Arrivé malheureusement trop tard, le père de Meiko, incarcérée sur Bitch Planet, débarque sur la colonie pénitentiaire dans l’espoir d’y revoir sa fille mais surtout avec la lourde tâche d’y construire une arène en un temps record. Maki va apprendre par hasard que sa fille et morte et de là tout va basculer dans le chaos.

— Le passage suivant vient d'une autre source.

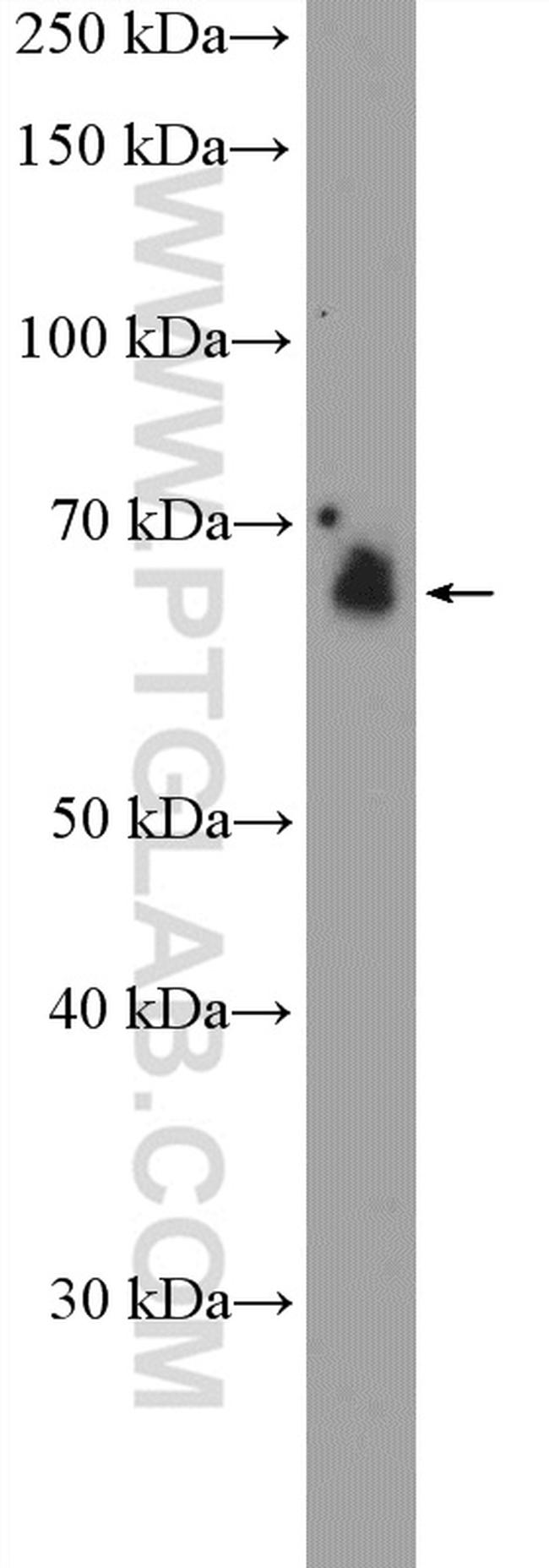 EIF2AK2/PKR Antibody in Western Blot (WB)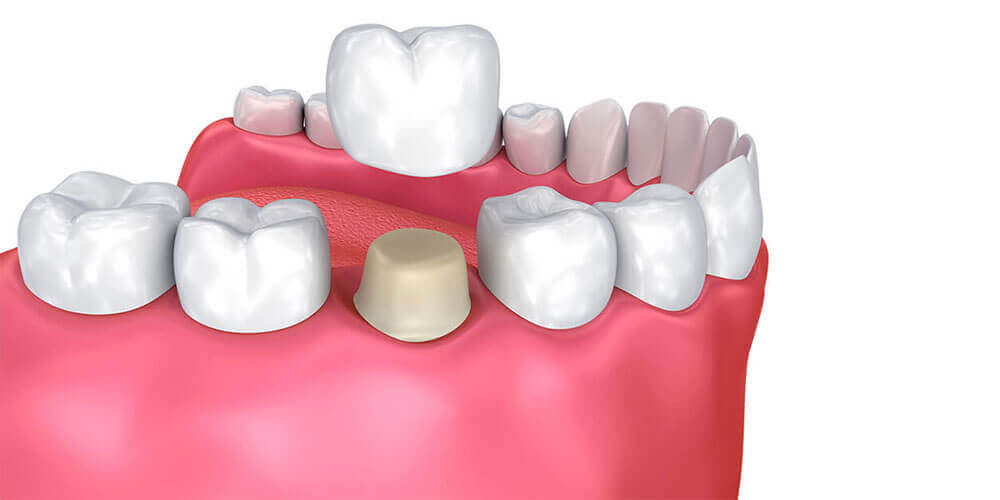 Dental Crowns Waterdown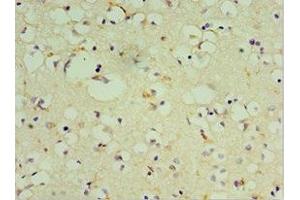 Immunohistochemistry of paraffin-embedded human brain tissue using ABIN7149475 at dilution of 1:100 (DRD3 anticorps  (AA 213-329))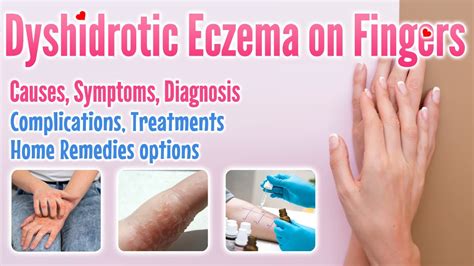 Dyshidrotic eczema on fingers overview, causes, symptoms, treatment ...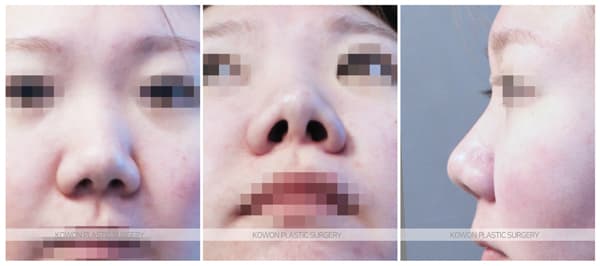 짧은 들창코 전후사진 : 복코, 짧은코 비중격연장과 콧날개축소를 함께 한 경우 수술 기록 사진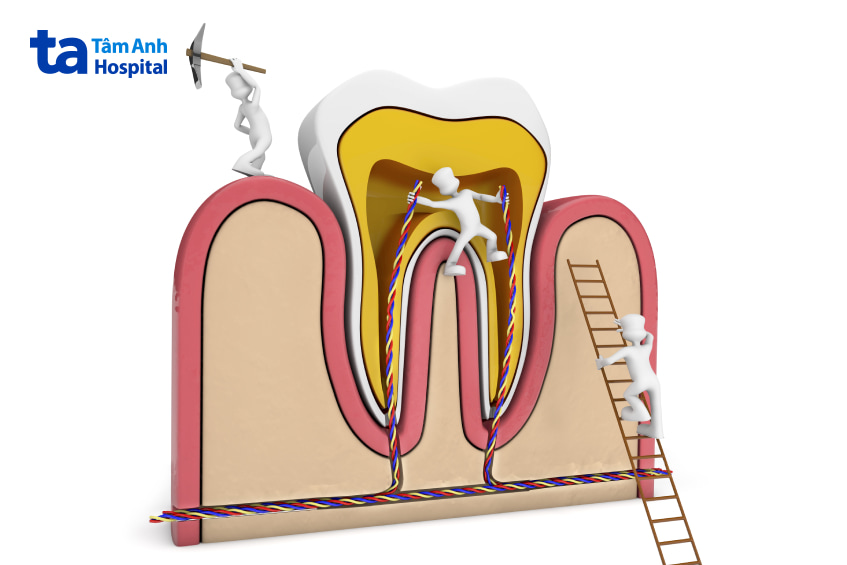 Lấy tủy răng là gì?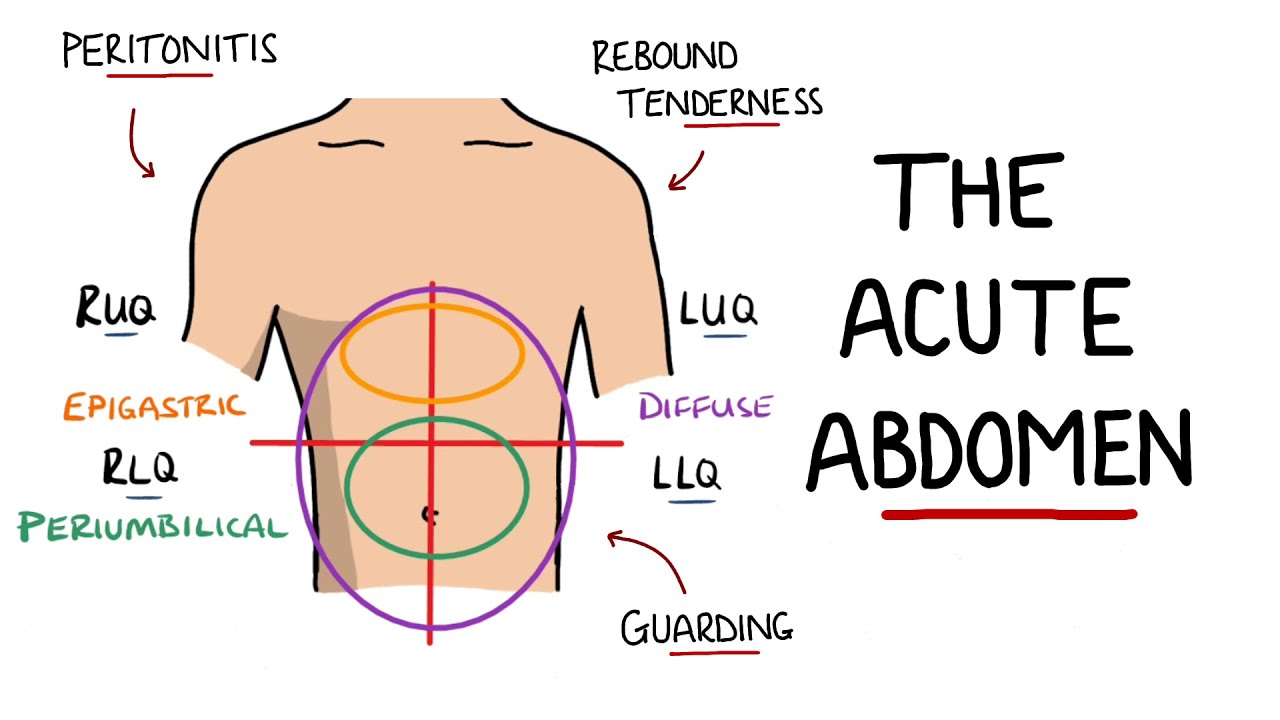 Acute Abdomen - A Guide to Acute Abdominal Pain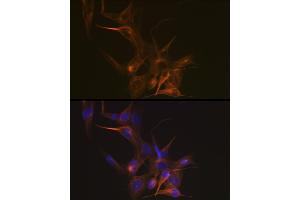 Immunofluorescence analysis of NIH-3T3 cells using Tubulin beta-1 chain Rabbit mAb (ABIN7271045) at dilution of 1:100 (40x lens). (TUBB1 Antikörper)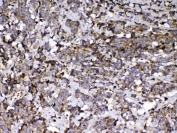 VDBP Antibody Lung Cancer IHC. Immunohistochemistry analysis of FFPE human lung cancer tissue stained with VDBP antibody demonstrates diffuse granular cytoplasmic HRP-DAB brown staining throughout tumor-associated epithelial cellular populations, consistent with the role of Vitamin D binding protein / VDBP in circulating transport physiology and systemic metabolic regulation pathways. The observed staining profile aligns with the secretory biology of this vitamin D-associated carrier protein. Required HIER: steam tissue sections in pH 6 citrate buffer for 20 min and allow to cool prior to testing.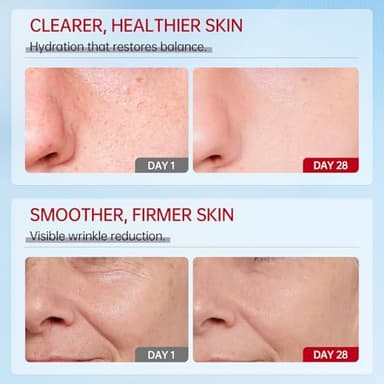 VGO Snail Mucin 92% Moisturizer Daily Face Moisturizer Hydrating Repair Face Gel Cream for Dry & Sensitive Skin, All Skin Types 50g / 1.76oz - Image 5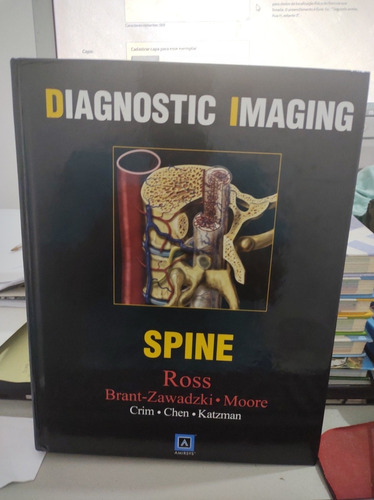 Diagnostic Imaging Spine Capa Dura Em Inglês Ross 2004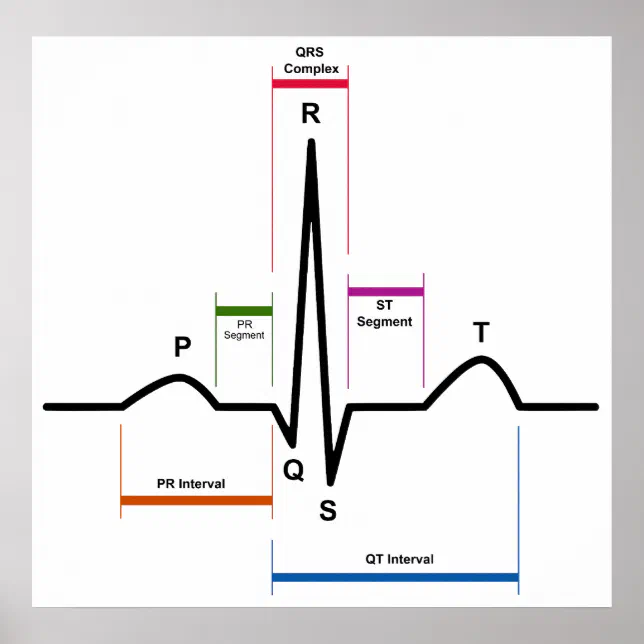 Sinus Rhythm in an Electrocardiogram ECG Diagram Poster | Zazzle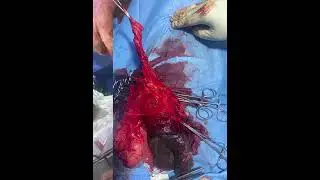 Repair of HUGE Right INGUINO-SCROTAL HERNIA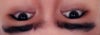 Eye asymmetry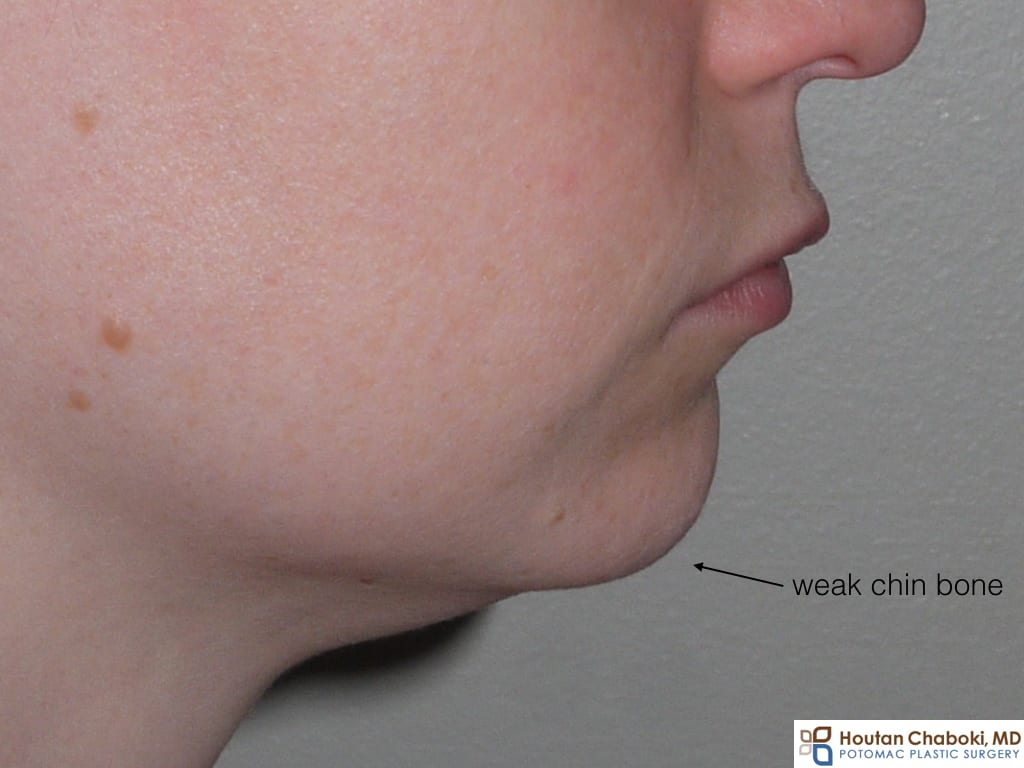 Double chin submental fullness anatomy neck fat skin muscle bone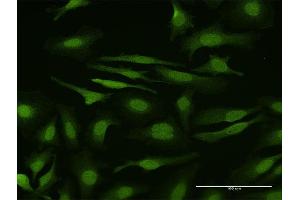 Immunofluorescence of purified MaxPab antibody to SMAD6 on HeLa cell. (SMAD6 antibody  (AA 1-496))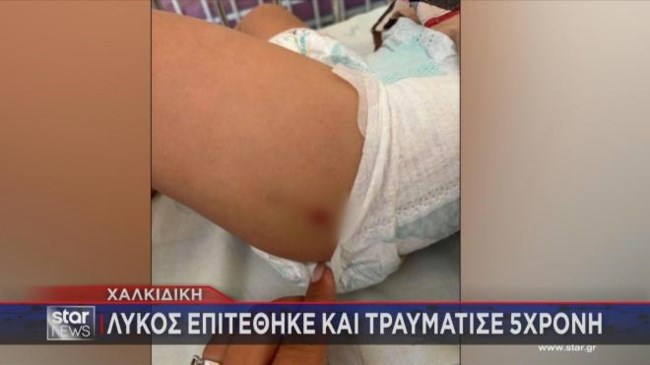 Χαλκιδική: Σοκάρουν τα τραύματα της 5χρονης που δέχθηκε επίθεση από λύκο σε παραλία [εικόνες]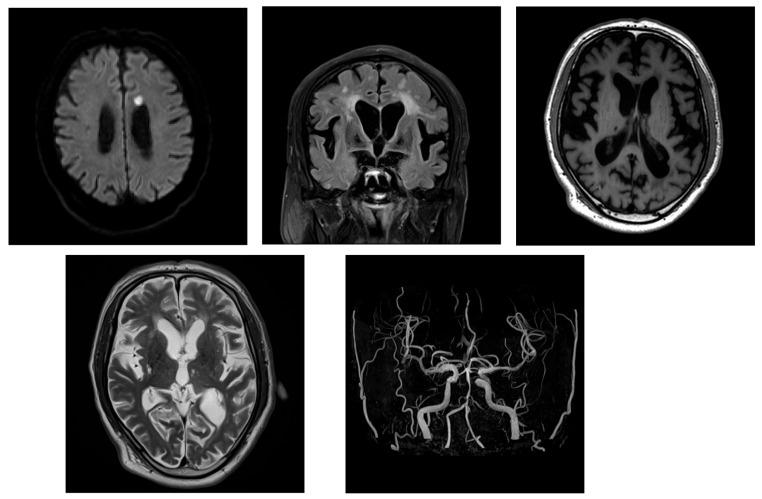 https://cdn.ncbi.nlm.nih.gov/pmc/blobs/922d/12196192/880a32bd0914/neurolint-17-00086-g004.jpg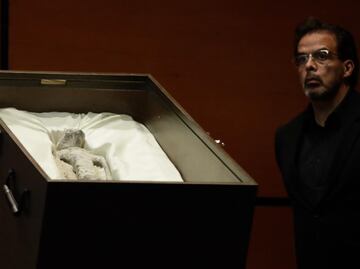 UNAM se deslinda de dichos de Maussan sobre cuerpos "no humanos" presentados en San Lázaro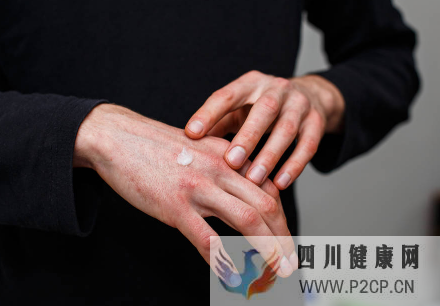 酒精過敏的癥狀有哪些?如何治療酒精過敏?(圖1) 酒精過敏的癥狀有哪些?如何治療酒精過敏?(圖1)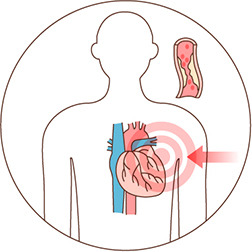 심근경색 초기증상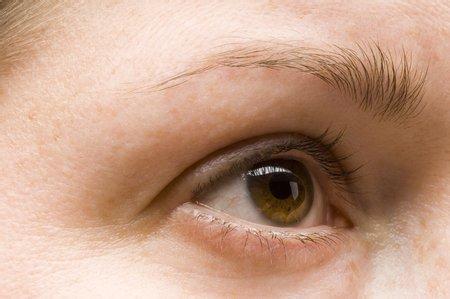 天生黑眼圈是什么原因 天生黑眼圈的食疗是什么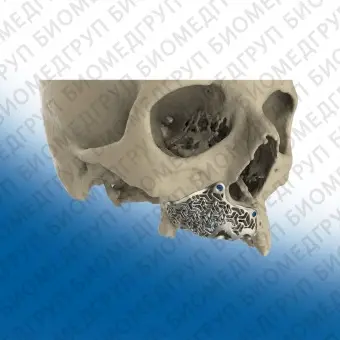 Материалы для челюстнолицевого восстановления  Nylon12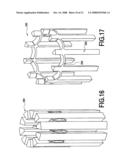 Fracture Fixation and Site Stabilization System diagram and image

Intelligemment, la BD débute par une première page de texte qui explique ce qu’il s’est passé précédemment, dans le tome 1. Le décor est posé, pas besoin d’ouvrir le tome précédent avant d’entamer celui-ci pour se souvenir. Par contre la seconde page est une mise en garde qui concerne le premier chapitre relatant l’agression sexuelle de Meiko alors qu’elle n’était qu’une enfant. L’avertissement est donné, le ton aussi, la lecture peut commencer dans une ambiance inquiétante et pesante alors que se tournent les pages. Mais ce moment n’arrive jamais remplacer par un autre moment de violence. C’est étonnant une fois de plus, cette montée en tension. Mais cette histoire d’origine nous permet de nous replonger dans le contexte de l’Histoire (celle avec un grand H), de cette société dystopique d’avant la dérive de la prison et de la résistance que prône cette famille, chacun y allant de sa petite touche personnelle.

Ce second volet est aussi bon que le précédent, malgré une ambiance lourde, violente et glauque. De nombreuses révélations sont faites dans ce tome, la jeunesse de Meiko, les leçons de violon (et de mathématique) et ce qui a fait qu’elle se retrouve emprisonnée, l’histoire de Kam qui s’étoffe et prend un nouveau tour (la raison de sa présence), la présence d’Eleanore Doane, l’ex présidente dans la prison. On retrouve avec un plaisir coupable ce monde où les femmes trop revendicatrices sont envoyées en prison à l’autre bout de la galaxie. Dans le contexte actuel de prise de conscience et de réveil des foules sur la place de la femme dans la société, harcèlement sexuel, agression sexuelle, viol ou encore les inégalités de salaire hommes/femmes, cette BD fait l’effet d’un coup de poing en présentant une société ultra machiste, moyenâgeuse exagérée au plus haut point mais finalement pas tant que ça. Les personnages féminins sont des gueules de cinéma, hautes en couleur et passionnantes à suivre, qui résistent, se rebellent et se battent pour leurs droits. C’est pensé et dessiné comme un film de Tarantino avec la violence graphique bien présente. Comme dans le tome précédent, des publicités ou conseils féminins hilarants ponctuent les chapitres.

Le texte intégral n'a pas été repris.